**Dataset extract**

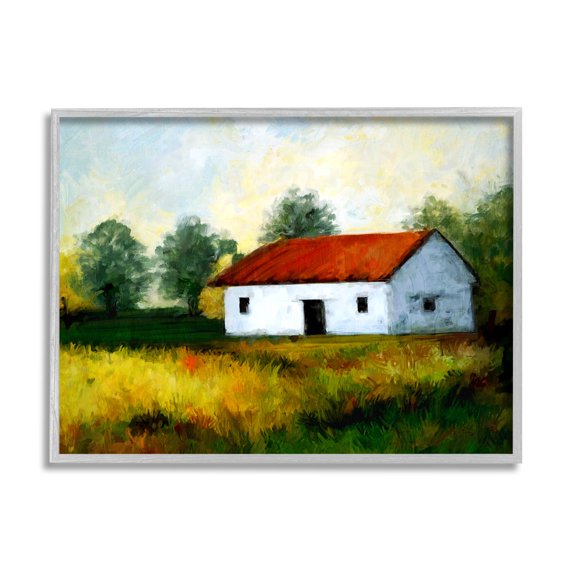Stupell Industries Countryside Meadow Cottage Landscape Painting Gray Framed Art Print Wall Art, Design by Ziwei Li
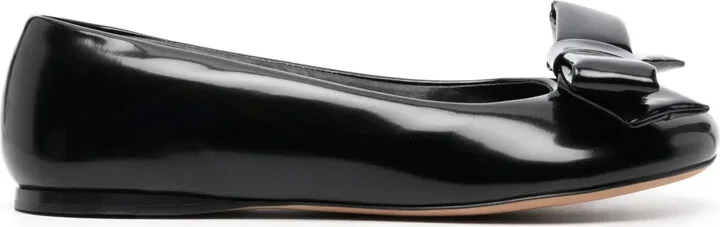 Puffy leather ballerina pumps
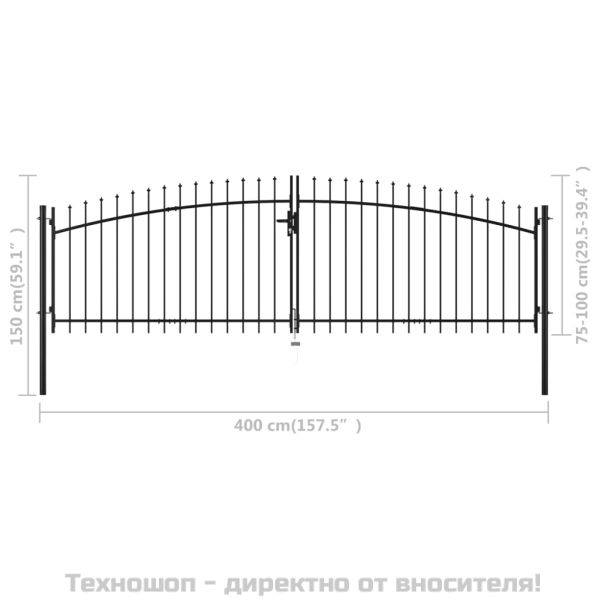 Двойна градинска врата със заострени върхове, 400x150 см
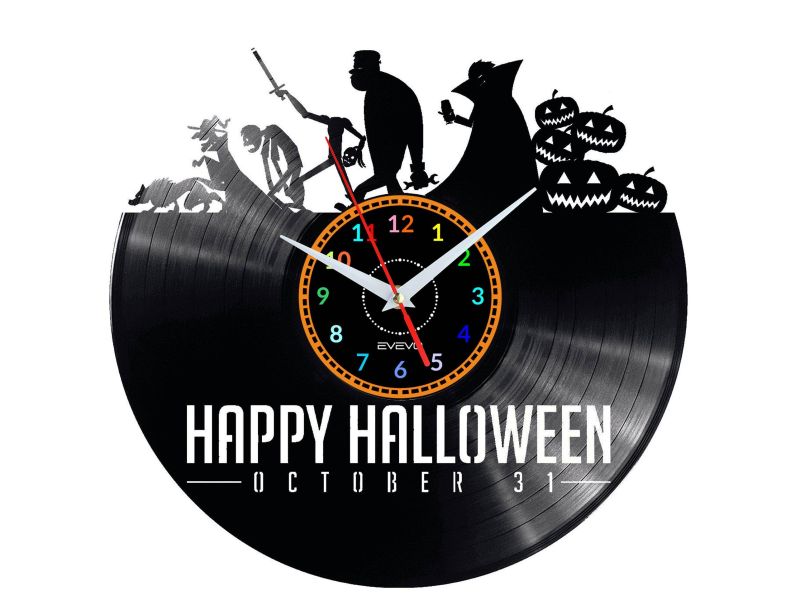 happy halloween Vinyl Zegar Ścienny Płyta Winylowa Nowoczesny Dekoracyjny Na Prezent Urodziny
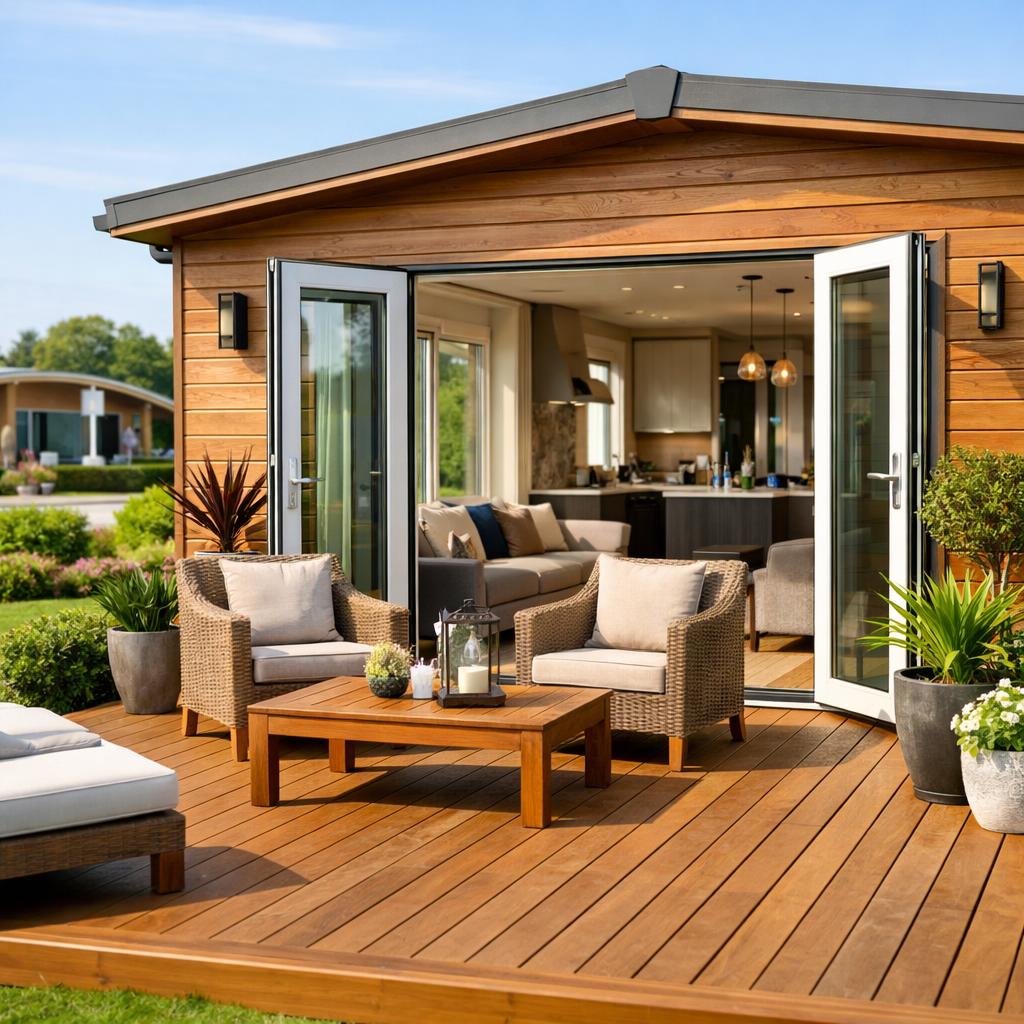 Timber luxury lodge with deck and spa view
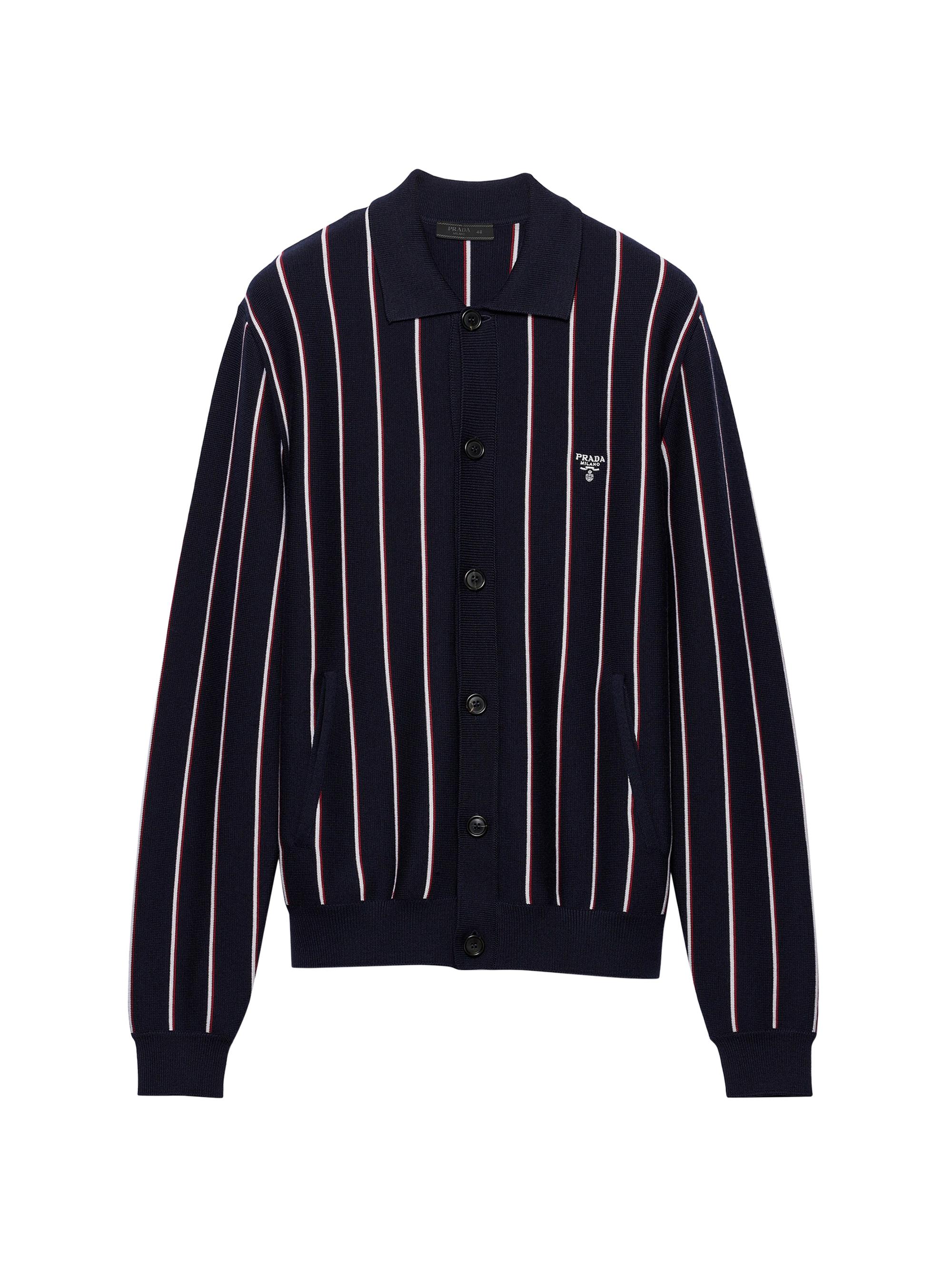 Prada Men's Striped Wool Cardigan - Blue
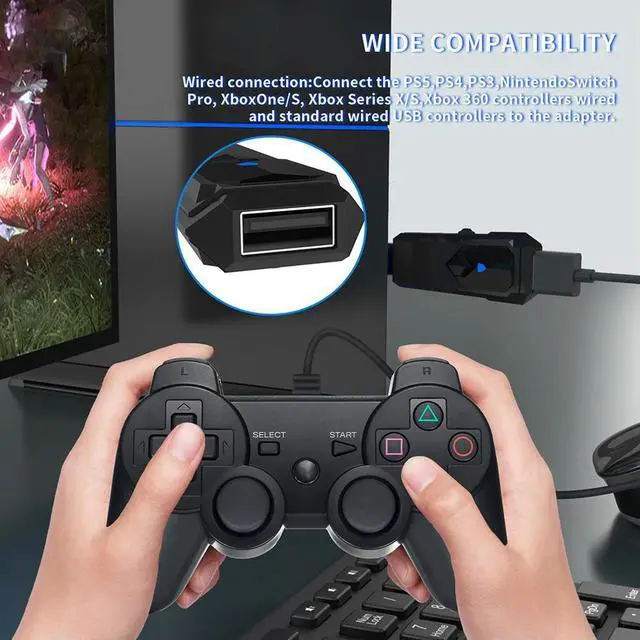 Main image of USB Gamepad Converter Bluetooth-Compatible/Wired Wireless Converter Wireless Controller Converter for PS4/PS3/Switch/PC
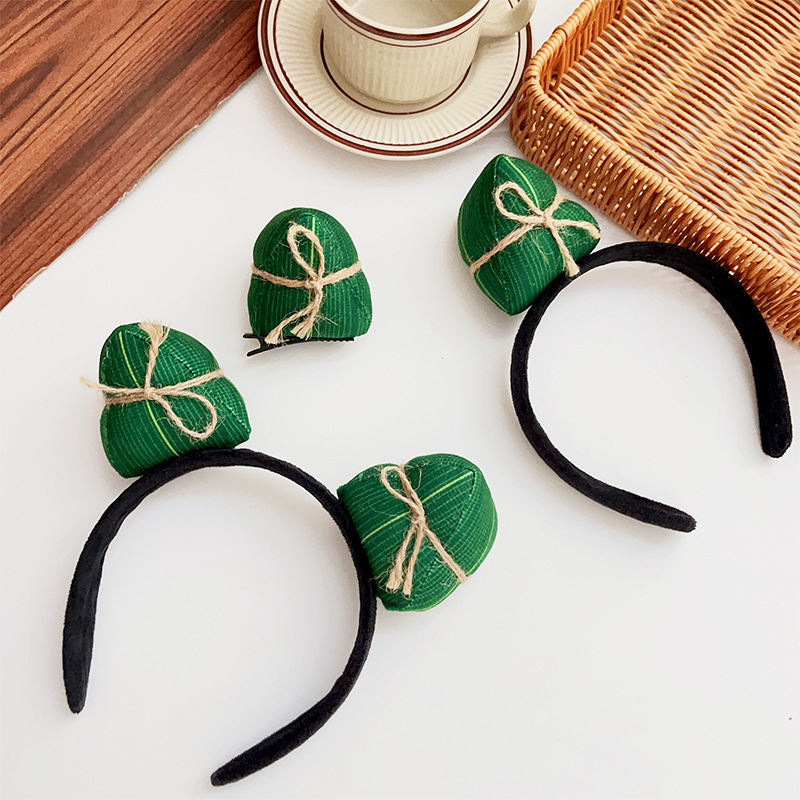 Simulated Dragon Boat Festival zongzi hair bands, creative and cute hair clips, festival event dressing hair accessories, adult and children's headbands Specification drawing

**Your goal**
Where pictures appear, omit them, and transcribe exactly, with nothing else, the lines from the line with "Prada Men's Striped Wool Cardigan - Blue" through the final line of the records above, both ends included.

**Task solution**
 Prada Men's Striped Wool Cardigan - Blue
 Main image of USB Gamepad Converter Bluetooth-Compatible/Wired Wireless Converter Wireless Controller Converter for PS4/PS3/Switch/PC
 Simulated Dragon Boat Festival zongzi hair bands, creative and cute hair clips, festival event dressing hair accessories, adult and children's headbands Specification drawing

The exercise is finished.